Elektra (2005)
Frank Miller, 158. sayısından itibaren daha sert ve gerçekçi bir hale soktuğu Daredevil’a, 168. sayısında -adı yunan mitolojisinde de geçen- yeni bir kahraman armağan etti: Elektra! Daredevil filminde, öldürülen babasının intikamını almaya çalışan ancak talihsiz bir şekilde ölen(!), şimdi ise Daredevil’in kör hocası Stick tarafından diriltilip eğitilen Elektra, Raphael misali elinden düşürmediği ‘Sai’leri ile bu sefer annesinin intikamını almak için uğraşıyor! Hiç şaşırtıcı olmayan bir biçimde film bundan ibaret!
Kırmızı Kostümlü Kadın!
Zamanın başlangıcından beri iyiliğin ve kötülüğün orduları arasında devam eden bir savaş var. Bu savaş büyük bir ölçekte sürüyor olabilir ya da tek bir kişinin yüreğinde. Hatta bir çocuğun bile… Kötülük birçok şekle büründü ama bunların en karanlığını kullandı. İçinde bulunduğumuz zamanda, kendilerine sadece ‘The Hand’ diyorlar. İyilik ise ‘Kimagure’nin yolundan gidiyor. Onun efendileri geleceği görebilir ve hatta ölüleri bile diriltebilir. Efsane, eşsiz bir savaşçıdan bahseder, kayıp bir ruhtan. Bu savaşçı bir kadındır, annesiz bir kız çocuğu ve onun kaderi iyilikle kötülük arasındaki meseleyi halletmektir. O bir hazinedir ve her iki taraf da eski bir savaşın son silahı olarak onu arar…

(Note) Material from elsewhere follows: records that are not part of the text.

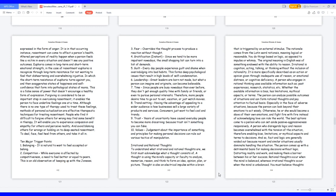9. Trust: years of uncertainty have caused everyday people to become more discerning, because trust isn't something you can fake. 10. Values: judgment about the importance of something, and principles for making personal decisions can rule out various tactics of manipulation.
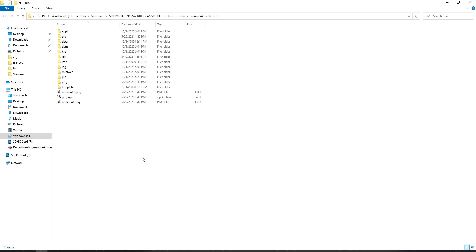There are other things you can do with EasyScreen, such as PLC bit manipulations and things like that, but again, that's a little bit out of the scope of what we're trying to accomplish here.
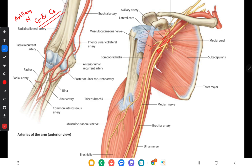You can see the musculocutaneous nerve which arises from the lateral cord, then the lateral root of median nerve, medial root of median nerve forming the median nerve. You can see the continuation of medial cord which forms the ulnar nerve. You cannot see the axillary nerve here because it is posterior to the axillary artery, but it is anterior to the subscapularis muscle.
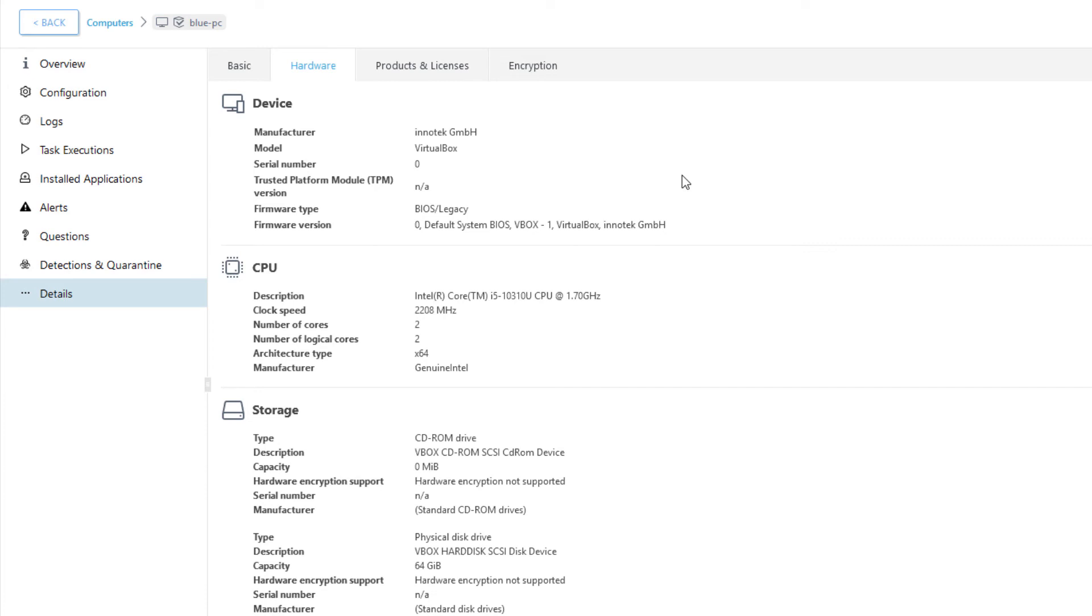Note that the software and hardware inventory is not just a list of static data, but it can be used in rules of dynamic group templates as well as data points in report templates.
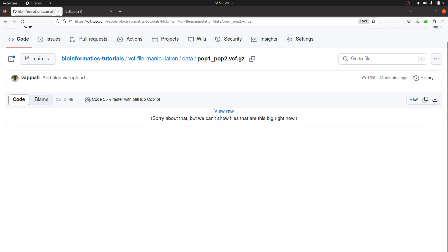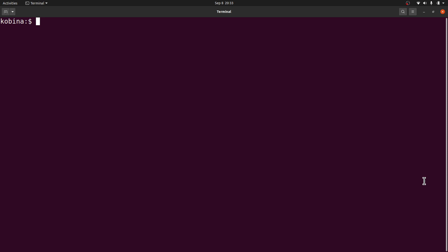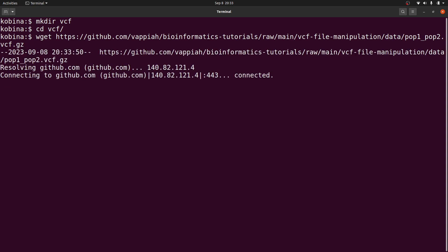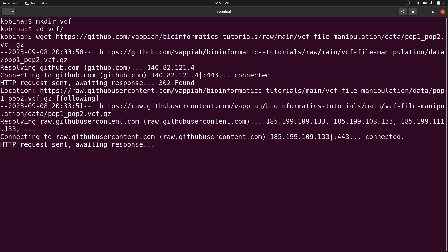I'll copy the link and move to the terminal to download. On the terminal I'm going to create a directory and cd into it — I like to keep files organized. I'll say mkdir vcf and then cd into it. I'm going to download the example data using wget and paste the link. On macOS you'd use curl. It's a small file so it will download quickly.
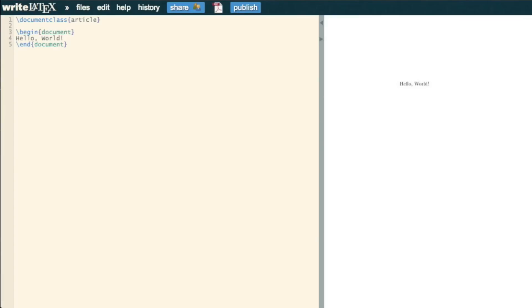In the previous video, we saw how to do a Hello World article, or basic document. Here, I'm just going to show you how to include a title.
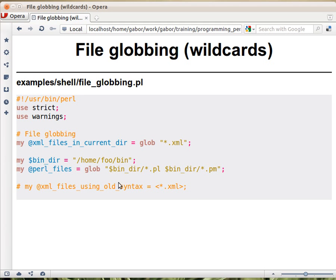Sometimes you might see the same syntax like this: within less-than and greater-than signs you would see a wildcard. This is the same as glob — let's call it the old style. So it's better to use the keyword glob; it's clearer what you mean.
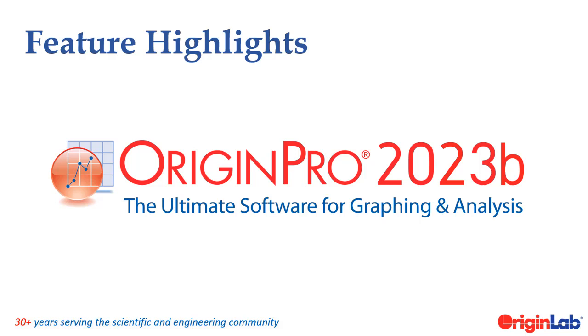OriginLab is proud to announce the release of Origin and OriginPro 2023b.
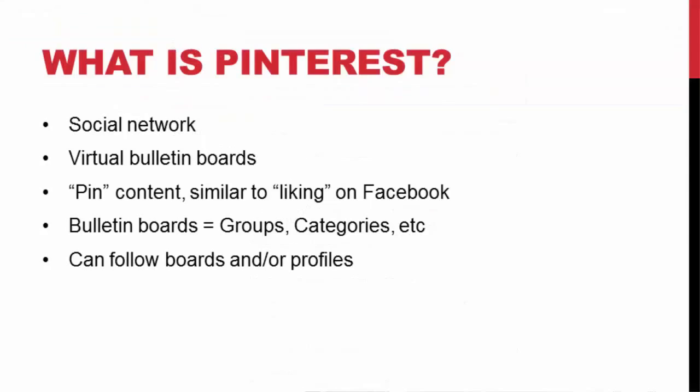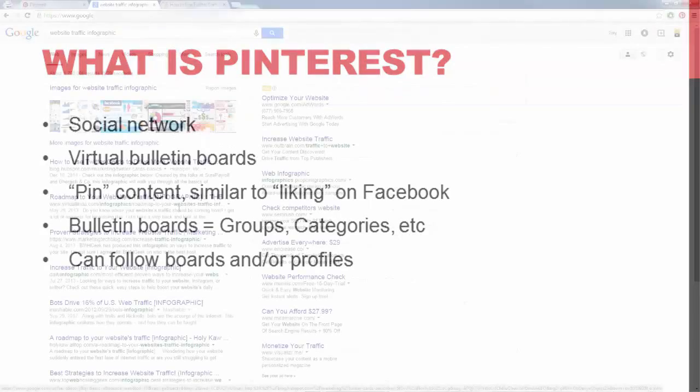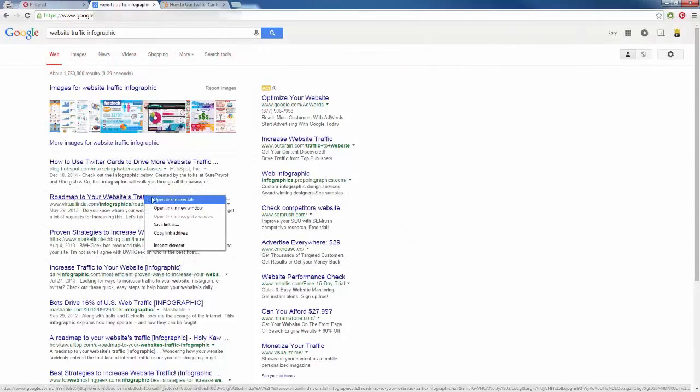Now, real quick, let's go ahead and go over Pinterest and what it is and why you need to be using it.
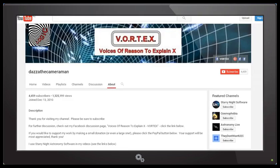As always, to check out my Facebook discussion page, Voices of Reason to Explain X, or Vortex, you'll find a link in the description area. Thank you for watching.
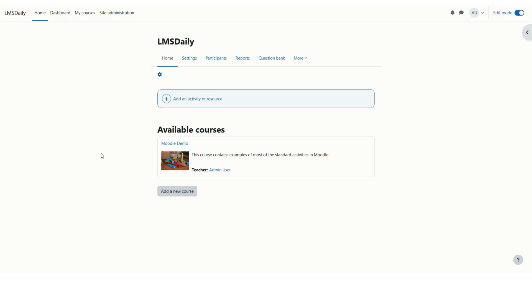Hello friends, welcome back to lmsgd.com. In today's video we will learn how you can reset the password of users in bulk in Moodle through the CSV file.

Daredevil filminin sonunda, Elektra’nın annesine ait olan kolyenin kabartma harfler ile yapılmış halini görüyorduk. Elektra’nın ölmediğini işaret eden bu ufak sürprizden iki yıl sonra Elektra tek başına perdede boy gösterdi. Daredevil’de usta bir dövüşçü olarak karşımıza çıkan Elektra’nın, bu kez suikastçı olarak yetiştirilmesine şahit oluyoruz. Ayrıca Daredevil filmindeki siyah kostümünün aksine, bu filmde onu ünlü kırmızı kostümüyle izliyoruz!

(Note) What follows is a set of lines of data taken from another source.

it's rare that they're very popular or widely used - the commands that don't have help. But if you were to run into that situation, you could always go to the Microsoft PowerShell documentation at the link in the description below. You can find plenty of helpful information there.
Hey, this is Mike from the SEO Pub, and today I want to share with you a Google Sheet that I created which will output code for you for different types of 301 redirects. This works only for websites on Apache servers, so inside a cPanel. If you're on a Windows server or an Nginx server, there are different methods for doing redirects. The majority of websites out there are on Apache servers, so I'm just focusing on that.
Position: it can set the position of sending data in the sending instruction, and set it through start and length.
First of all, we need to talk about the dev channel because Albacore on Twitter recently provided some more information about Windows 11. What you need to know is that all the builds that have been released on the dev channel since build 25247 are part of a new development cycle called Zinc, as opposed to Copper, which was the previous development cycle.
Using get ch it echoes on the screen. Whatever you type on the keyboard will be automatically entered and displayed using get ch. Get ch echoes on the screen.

Kahramanın geçmişini birkaç flashback ile anlatan ve bodoslama aksiyona dalan Elektra, karakterin içini tamamen boşaltan bir uyarlama. “X-Men: The Last Stand / X-Men: Son Direniş (2006)” ve “The Incredible Hulk / İnanılmaz Hulk (2008)” filmlerinin senaryolarından tanıdığımız Zak Penn dâhil üç senaristin, Elektra’nın “olmayan” hikâyesini anlatma çabaları -tahmin edildiği gibi- pek başarılı sonuçlanmıyor ve senaryonun yerlerde sürünmesine sebep oluyorlar.

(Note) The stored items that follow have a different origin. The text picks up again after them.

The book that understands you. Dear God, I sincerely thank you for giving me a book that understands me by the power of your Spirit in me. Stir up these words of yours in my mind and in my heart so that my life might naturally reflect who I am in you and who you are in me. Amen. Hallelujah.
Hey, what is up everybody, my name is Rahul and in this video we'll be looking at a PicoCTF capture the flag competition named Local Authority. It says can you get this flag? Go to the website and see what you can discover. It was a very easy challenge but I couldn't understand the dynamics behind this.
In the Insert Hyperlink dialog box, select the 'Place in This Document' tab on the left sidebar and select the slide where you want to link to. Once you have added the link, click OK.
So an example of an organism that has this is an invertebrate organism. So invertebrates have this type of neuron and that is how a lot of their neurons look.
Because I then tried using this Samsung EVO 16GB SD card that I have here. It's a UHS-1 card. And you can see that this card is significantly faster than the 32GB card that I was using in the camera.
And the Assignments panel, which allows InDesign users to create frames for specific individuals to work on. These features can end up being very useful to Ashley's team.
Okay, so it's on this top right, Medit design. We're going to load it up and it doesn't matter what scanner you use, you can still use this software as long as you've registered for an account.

“Suikastçının, ucunda çok para olan son işi kabul etmesi.” gibi fazlasıyla klişe bir konu ile temellendirilen öykü, ilerleyen zamanlarda filme eklenen çokça kötü adam ile izlenebilir hale getirilmeye çalışılsa da, kötü adamların filmden çabucak tasfiye edilmesi, aldığımız ufak keyfi kursağımızda bırakıyor. Bu yüzden, vücudundaki dövmelerden çeşitli hayvanlar çıkaran Tattoo’dan tutunda, zehirli öpücük sahibi Typhoid gibi önemli kötü adamların birkaç numara sergileyip filmi terk etmeleri seyirciye yapılmış en büyük haksızlık! Ayrıca Elektra’nın, ondan güçlü her kötü adamı tabir-i caizse “şansa” yenmesi “Bu ne biçim bir kahraman!” diye isyan etmemize sebep oluyor. Öyküye zorla sıkıştırılan ne idüğü belirsiz ve inandırıcılıktan yoksun aşk(!) hikâyesi ise tek kelime ile fiyasko!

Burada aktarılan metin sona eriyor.